→ **Assignment**:
In the material below, find the span from the line with "image:imageYAMAZAKI Home Tower" to the line with "IAW05 - Creación" and transcribe only those lines, exactly, ends included, without the pictures.

→ **Record extracts**:
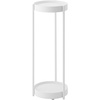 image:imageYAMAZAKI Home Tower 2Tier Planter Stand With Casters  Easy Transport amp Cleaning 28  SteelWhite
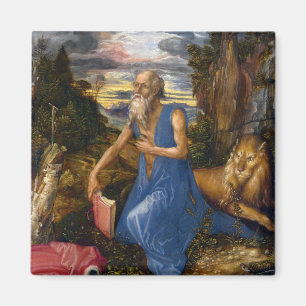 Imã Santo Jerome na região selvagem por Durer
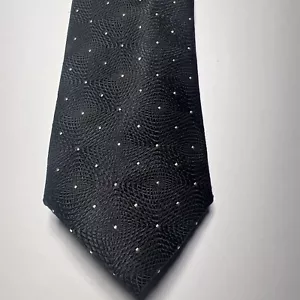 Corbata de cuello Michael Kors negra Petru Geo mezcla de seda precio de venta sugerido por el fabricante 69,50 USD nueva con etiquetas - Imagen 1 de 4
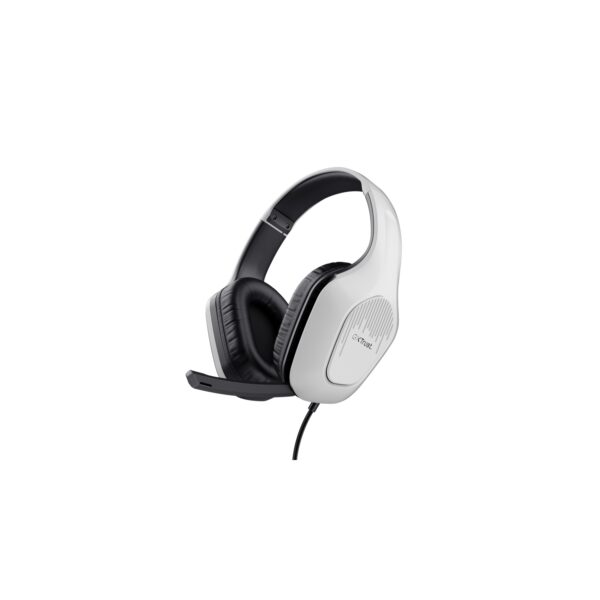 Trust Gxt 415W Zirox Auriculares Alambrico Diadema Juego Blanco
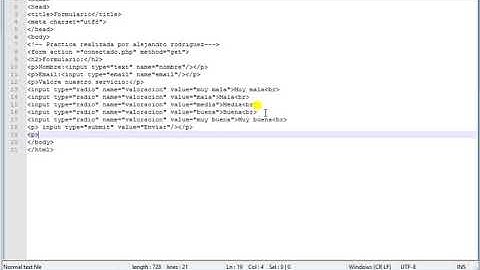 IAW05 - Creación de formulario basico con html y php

...

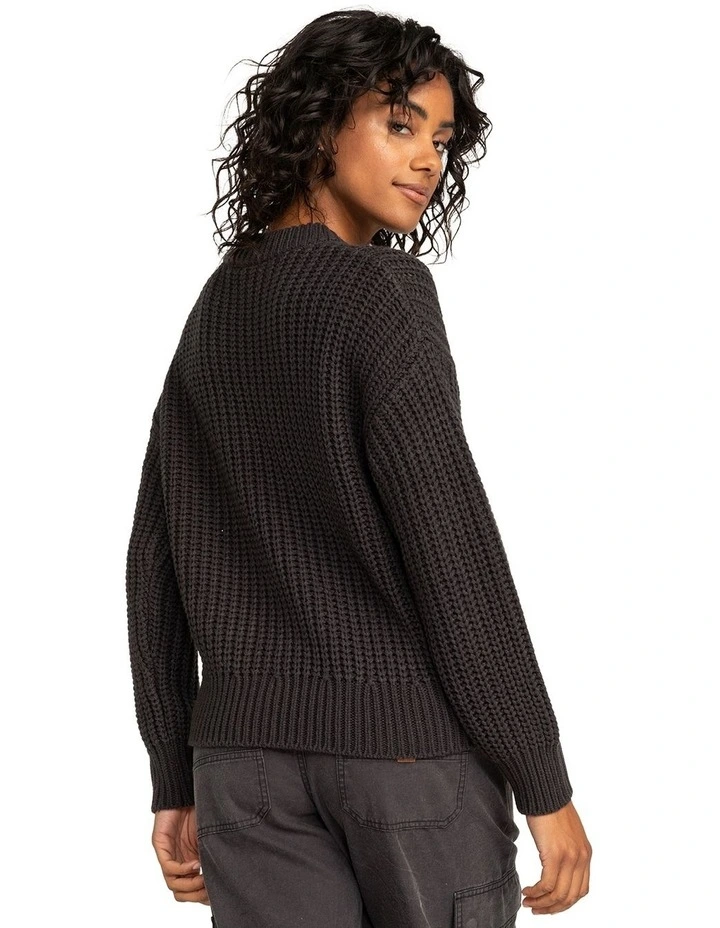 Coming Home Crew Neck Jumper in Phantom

→ **Solution to the problem**:
 image:imageYAMAZAKI Home Tower 2Tier Planter Stand With Casters  Easy Transport amp Cleaning 28  SteelWhite
 Imã Santo Jerome na região selvagem por Durer
 Corbata de cuello Michael Kors negra Petru Geo mezcla de seda precio de venta sugerido por el fabricante 69,50 USD nueva con etiquetas - Imagen 1 de 4
 Trust Gxt 415W Zirox Auriculares Alambrico Diadema Juego Blanco
 IAW05 - Creación de formulario basico con html y php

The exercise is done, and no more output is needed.